O presidente chamou ACM de ‘hamster do Nordeste’ em comício na cidade de Feira de Santana (BA), sem mencionar o senador. "Para alguns ele era o leão do Nordeste, para mim é o hamster do Nordeste. Não é nenhum leão", afirmou. Ele atacar a oposição dizendo que, se os adversários "já temiam comparar 4 anos de governo com 8 (em referência às duas gestões de Fernando Henrique Cardoso), imagine comparar 8 anos com 8".

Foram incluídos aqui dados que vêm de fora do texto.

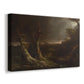 Canvas art print featuring a dramatic weather scene with powerful natural force, displayed at an angle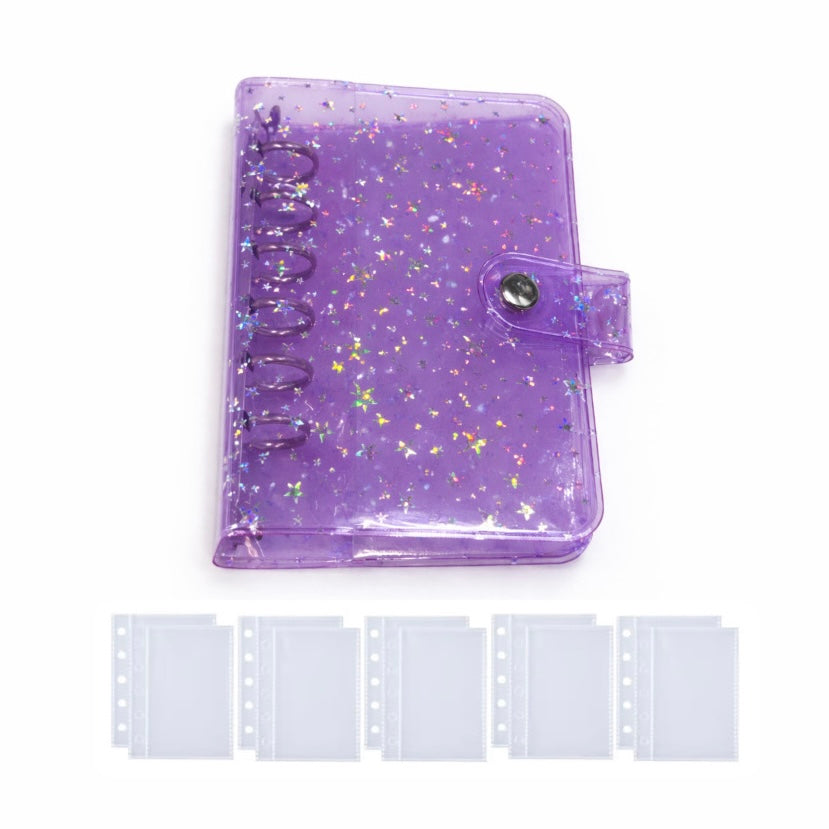 全4種‼️ ほし柄 キラキラシール帳 A6サイズ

"Não é possível que um Estado tenha gente que aja com tanta grosseria política. Especialmente com barba e cabelo branco. Ele (ACM) estava acostumado a chegar na Presidência e dar tapa na mesa." E garantiu que tem o apoio do povo baiano, mas "os senadores da Bahia atrapalham".

Também sem citar nomes, Lula atacou o deputado ACM Neto (PFL-BA) neto do senador, acusando-o de se apropriar de programas do governo federal como o Luz Para Todos. "Aqui vocês têm um deputadinho, um baixinho. É o pequenininho ", criticou. Segundo Lula, ACM Neto teria escrito a um prefeito baiano para dizer que graças a ele a cidade teria o Luz Para Todos. Colaborou Tânia Monteiro.